▶ **Your task**
Output, exactly and in full, only the lines from the one containing "Candongas Kris 1.5gr" to the last line of the data. Pictures should not appear.

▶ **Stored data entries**
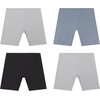 image:imageHanes Girls Play Shorts Cotton Stretch Play Shorts for Girls Pullon Shorts Assorted Solids MultipacksGrey Heather  Black  Blue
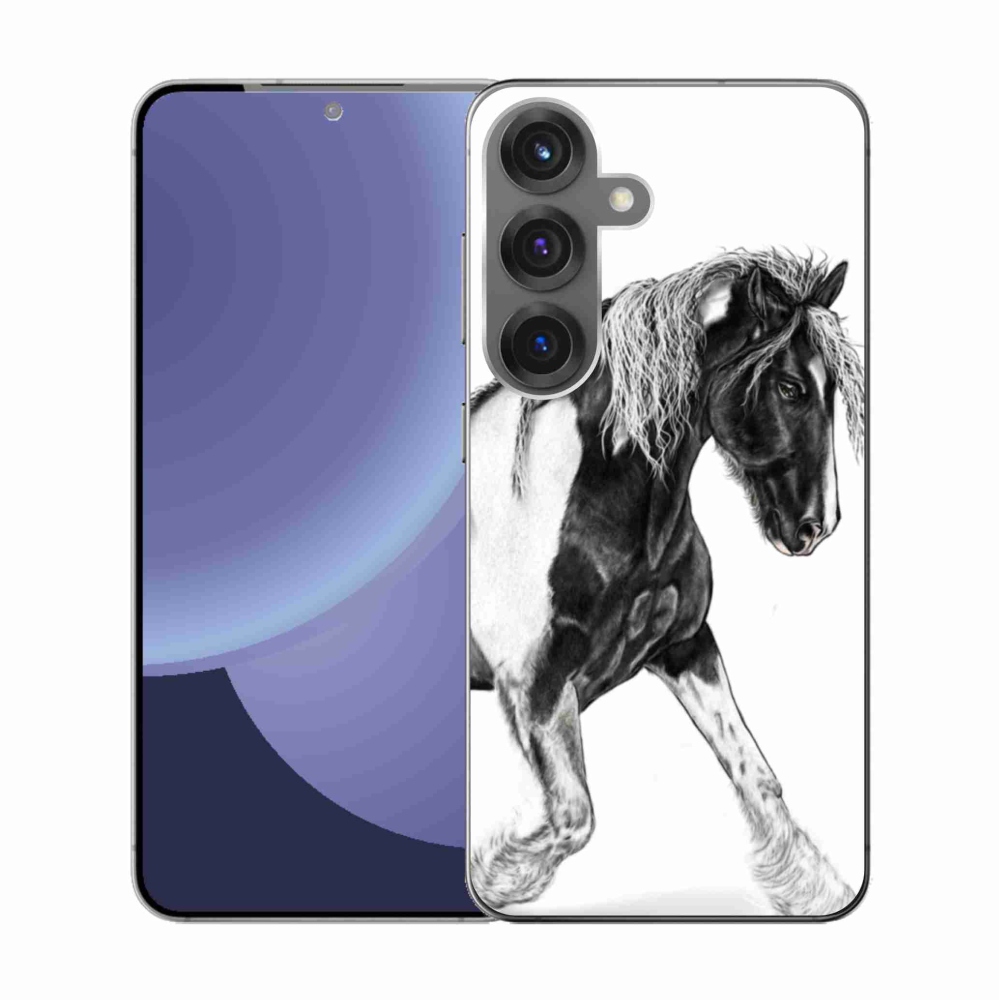 Gelový kryt mmCase na Samsung Galaxy S25 - kůň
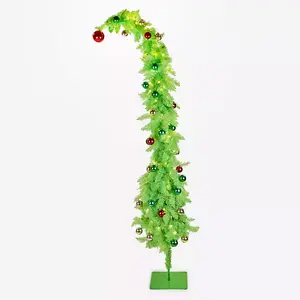 7 ft. Pre-Lit Green Whimsical Christmas Tree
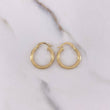 Candongas Kris 1.5gr / 2cm / Entorchadas Oro Amarillo $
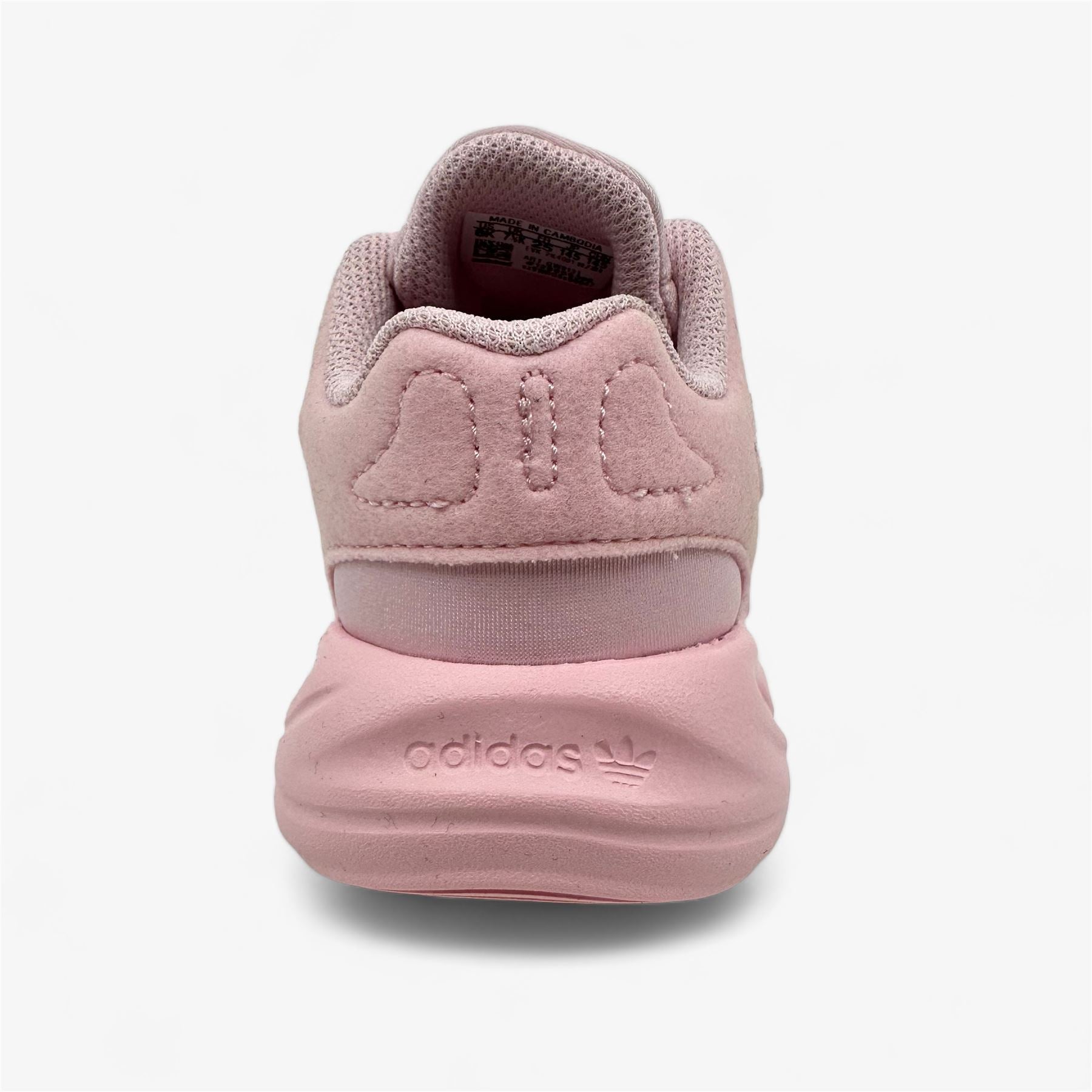 Adidas Ozelia EL Clear Pink Black Toddler Girls Athletic Sneaker (GW8131)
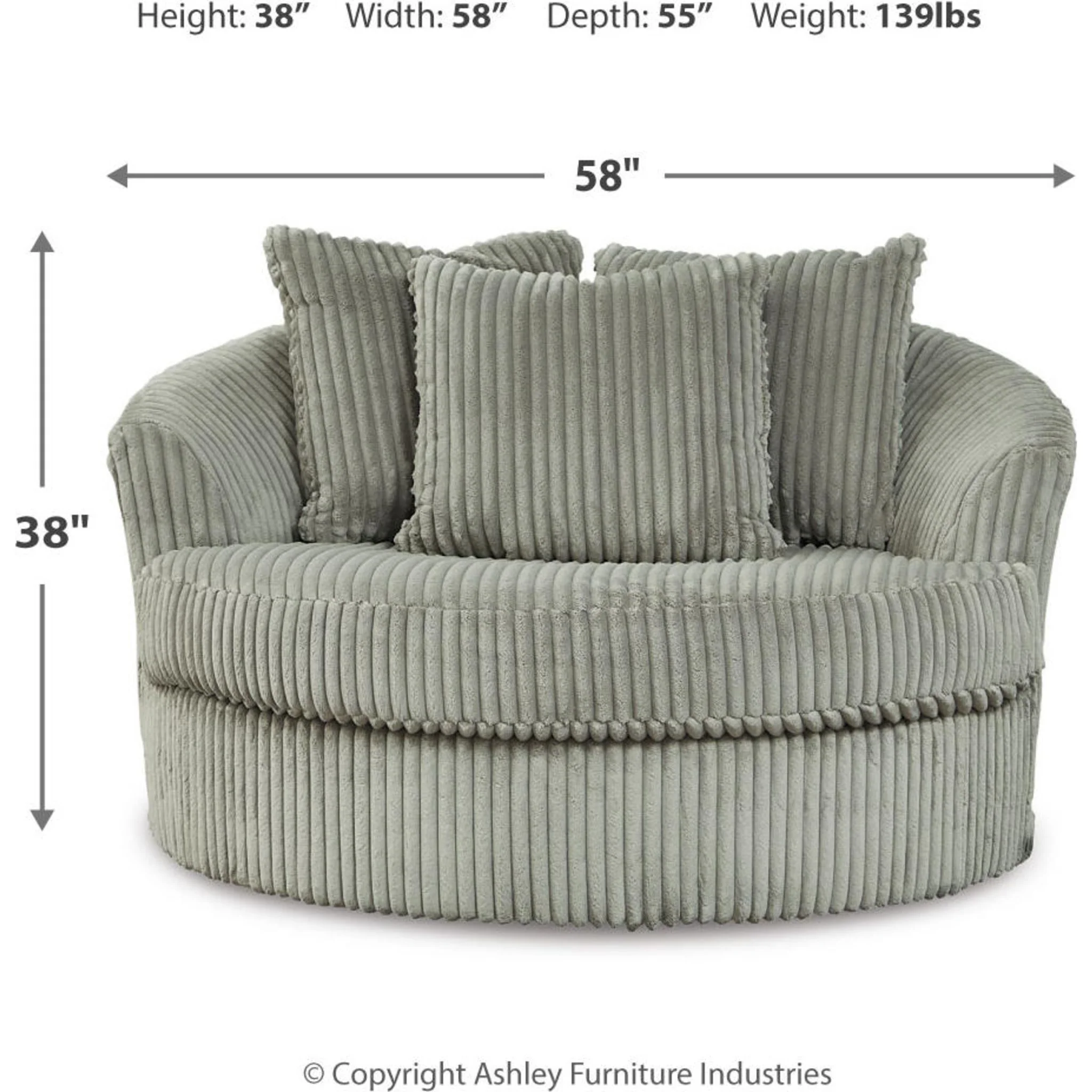 Lindyn Swivel Chair - Image 14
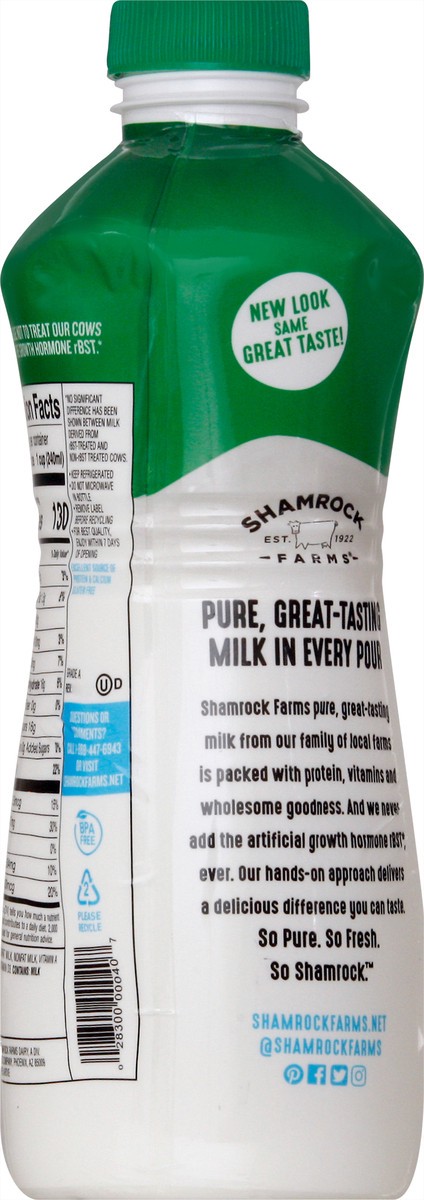 slide 10 of 12, Shamrock Farms 1% Lowfat Milk - 1 qt, 1 qt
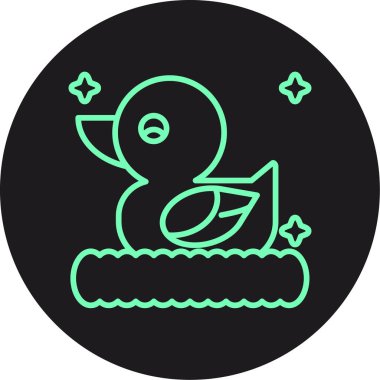 vektör ördek simgesi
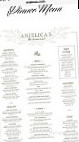Angelica's menu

▶ **Written response**
 Candongas Kris 1.5gr / 2cm / Entorchadas Oro Amarillo $
 Adidas Ozelia EL Clear Pink Black Toddler Girls Athletic Sneaker (GW8131)
 Lindyn Swivel Chair - Image 14
 slide 10 of 12, Shamrock Farms 1% Lowfat Milk - 1 qt, 1 qt
 vektör ördek simgesi
Angelica's menu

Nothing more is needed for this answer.